プログラミングが苦手?向いていない?と感じたら
自分がプログラマーに向いているかどうか、プログラマーとして働けるかどうかわからないという方は、次の点をチェックしてみましょう。
本当にプログラミングに興味があるのかをよく検討する
そもそもプログラミングに興味がない、楽しくないと感じる人はプログラマーに向いていない可能性があります。本当にプログラミングに興味があるのかよく検討しましょう。
まだプログラミングに触れたことがない人は、無料体験などでまずはプログラミングに触れてみるのがおすすめです。
プログラミングの適性があるか確かめる
プログラミングに向いていないと感じている場合には、その理由を深堀りすると良いでしょう。理由がADHDの特性であったとしても、プログラミングに向いていないとは限りません。職場環境によって、プログラミングが上手くできないこともあります。
ADHDに理解のある職場を選ぶ
プログラマーを目指す、プログラマーとして仕事を続けるには、自身が働きやすい環境の職場を選ぶことも大切です。障害者雇用枠は、障害者に対する配慮や理解がある企業が多いため比較的働きやすいといえます。

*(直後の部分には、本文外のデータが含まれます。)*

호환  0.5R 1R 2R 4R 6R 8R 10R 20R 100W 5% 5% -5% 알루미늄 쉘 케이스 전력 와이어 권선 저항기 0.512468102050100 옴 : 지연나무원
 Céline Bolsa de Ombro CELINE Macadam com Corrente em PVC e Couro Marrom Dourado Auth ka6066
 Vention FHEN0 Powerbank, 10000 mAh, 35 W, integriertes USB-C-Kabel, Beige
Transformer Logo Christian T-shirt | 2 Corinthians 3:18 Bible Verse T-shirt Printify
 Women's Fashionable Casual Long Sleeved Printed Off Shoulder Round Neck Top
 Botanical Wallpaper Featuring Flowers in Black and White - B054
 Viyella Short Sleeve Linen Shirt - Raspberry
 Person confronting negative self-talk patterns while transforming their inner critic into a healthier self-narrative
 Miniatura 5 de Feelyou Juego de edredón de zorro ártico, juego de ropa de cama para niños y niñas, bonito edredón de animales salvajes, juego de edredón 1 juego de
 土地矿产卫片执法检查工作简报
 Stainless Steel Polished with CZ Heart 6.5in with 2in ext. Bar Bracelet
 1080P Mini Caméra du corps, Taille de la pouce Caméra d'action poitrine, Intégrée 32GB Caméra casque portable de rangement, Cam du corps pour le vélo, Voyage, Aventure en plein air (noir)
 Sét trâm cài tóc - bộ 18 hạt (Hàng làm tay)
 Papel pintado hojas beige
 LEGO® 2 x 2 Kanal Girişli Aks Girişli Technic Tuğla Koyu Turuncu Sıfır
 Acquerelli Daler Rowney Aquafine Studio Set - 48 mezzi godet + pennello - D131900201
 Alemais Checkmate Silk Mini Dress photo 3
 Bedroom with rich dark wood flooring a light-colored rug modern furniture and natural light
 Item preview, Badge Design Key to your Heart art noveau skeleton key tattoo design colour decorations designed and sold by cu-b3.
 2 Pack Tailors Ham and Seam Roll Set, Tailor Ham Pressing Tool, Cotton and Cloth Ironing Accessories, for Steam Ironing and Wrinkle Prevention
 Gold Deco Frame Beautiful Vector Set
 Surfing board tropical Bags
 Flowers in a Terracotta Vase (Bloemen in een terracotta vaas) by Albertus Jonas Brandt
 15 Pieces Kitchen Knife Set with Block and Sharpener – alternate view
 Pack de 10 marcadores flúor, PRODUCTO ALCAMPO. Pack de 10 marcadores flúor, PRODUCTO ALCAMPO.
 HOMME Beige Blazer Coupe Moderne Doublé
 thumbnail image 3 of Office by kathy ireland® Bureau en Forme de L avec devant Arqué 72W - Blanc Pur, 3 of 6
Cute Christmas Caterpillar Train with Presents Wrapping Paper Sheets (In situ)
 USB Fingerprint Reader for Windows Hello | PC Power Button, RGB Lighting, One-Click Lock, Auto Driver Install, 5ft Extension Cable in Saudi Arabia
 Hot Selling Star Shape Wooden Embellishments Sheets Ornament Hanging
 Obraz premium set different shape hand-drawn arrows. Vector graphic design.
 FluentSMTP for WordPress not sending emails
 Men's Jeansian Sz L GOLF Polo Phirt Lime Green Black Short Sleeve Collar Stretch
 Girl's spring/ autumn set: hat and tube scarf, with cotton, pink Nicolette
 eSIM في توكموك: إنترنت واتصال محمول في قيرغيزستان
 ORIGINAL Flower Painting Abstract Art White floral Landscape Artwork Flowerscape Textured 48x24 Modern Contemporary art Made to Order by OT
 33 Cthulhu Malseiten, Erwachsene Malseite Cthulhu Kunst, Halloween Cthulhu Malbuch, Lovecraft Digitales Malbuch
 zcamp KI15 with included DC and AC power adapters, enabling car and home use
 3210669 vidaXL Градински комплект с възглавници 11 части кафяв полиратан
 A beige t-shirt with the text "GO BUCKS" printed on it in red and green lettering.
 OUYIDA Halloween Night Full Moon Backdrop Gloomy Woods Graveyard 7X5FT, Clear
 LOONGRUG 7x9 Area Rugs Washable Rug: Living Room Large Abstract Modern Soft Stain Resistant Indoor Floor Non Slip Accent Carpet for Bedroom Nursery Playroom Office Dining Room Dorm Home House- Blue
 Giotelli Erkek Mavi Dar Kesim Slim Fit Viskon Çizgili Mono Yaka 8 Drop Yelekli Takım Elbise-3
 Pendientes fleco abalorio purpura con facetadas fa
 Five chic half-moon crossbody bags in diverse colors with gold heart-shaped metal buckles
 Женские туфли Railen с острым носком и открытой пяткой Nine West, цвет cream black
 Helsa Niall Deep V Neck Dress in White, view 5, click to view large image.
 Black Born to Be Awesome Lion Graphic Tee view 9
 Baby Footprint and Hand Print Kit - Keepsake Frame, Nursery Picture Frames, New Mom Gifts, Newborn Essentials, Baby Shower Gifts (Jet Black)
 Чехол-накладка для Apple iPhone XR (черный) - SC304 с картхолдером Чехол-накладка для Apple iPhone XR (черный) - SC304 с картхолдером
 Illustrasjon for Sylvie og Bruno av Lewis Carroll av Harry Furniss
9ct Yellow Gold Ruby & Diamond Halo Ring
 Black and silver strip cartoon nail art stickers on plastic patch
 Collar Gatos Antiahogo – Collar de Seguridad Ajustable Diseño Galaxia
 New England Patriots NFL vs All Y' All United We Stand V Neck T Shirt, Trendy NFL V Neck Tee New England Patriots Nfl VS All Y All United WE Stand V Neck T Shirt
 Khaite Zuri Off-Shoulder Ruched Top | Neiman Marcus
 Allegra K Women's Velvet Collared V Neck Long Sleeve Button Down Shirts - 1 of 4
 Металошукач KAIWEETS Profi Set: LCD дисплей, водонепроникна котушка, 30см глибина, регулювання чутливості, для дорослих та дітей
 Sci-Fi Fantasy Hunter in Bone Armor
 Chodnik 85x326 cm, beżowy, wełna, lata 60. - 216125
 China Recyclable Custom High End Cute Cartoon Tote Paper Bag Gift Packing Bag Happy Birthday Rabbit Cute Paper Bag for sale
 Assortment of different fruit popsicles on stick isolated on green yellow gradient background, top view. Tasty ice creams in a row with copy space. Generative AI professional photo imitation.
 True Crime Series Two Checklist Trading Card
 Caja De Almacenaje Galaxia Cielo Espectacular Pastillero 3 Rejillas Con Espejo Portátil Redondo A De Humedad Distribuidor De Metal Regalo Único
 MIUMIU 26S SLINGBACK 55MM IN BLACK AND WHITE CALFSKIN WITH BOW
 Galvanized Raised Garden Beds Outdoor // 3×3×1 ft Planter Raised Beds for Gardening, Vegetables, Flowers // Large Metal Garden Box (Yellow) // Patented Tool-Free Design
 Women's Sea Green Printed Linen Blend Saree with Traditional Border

しかし、一般雇用枠と障害者雇用枠にはそれぞれメリットとデメリットがあるので、自身の考えや体調に合わせて選択しましょう。就労移行支援事業所や障害者に特化した転職エージェントサービスに相談するのもおすすめです。
atGPジョブトレについて
「atGPジョブトレ IT・Web」は、障害者のためのIT・Web専門就労移行支援サービスです。障害者の転職サービスで実績No1のatGP(アットジーピー)が運営しているので、ITやWebの専門知識やビジネススキルに加えて、障害や症状への対処法も身につきます。
教室には、現役で活躍しているWebデザイナーやITエンジニアの講師が常駐していて、一人ひとりのペースに合わせてサポート、未経験からでも実践的なスキルが身につきます。
まとめ
今回はADHDの特性とプログラマーの仕事内容との相性について解説しました。
ADHDだからといってプログラマーに向いていないということはありません。しかし、一方では自身の障害や症状を理解するとともに、周囲に配慮やサポートを求めることも必要です。
もっとも重要なのはプログラミングに興味があるかどうかです。未経験でプログラマーの仕事に興味のある方は、まずは無料体験などでプログラミングを体験してみましょう。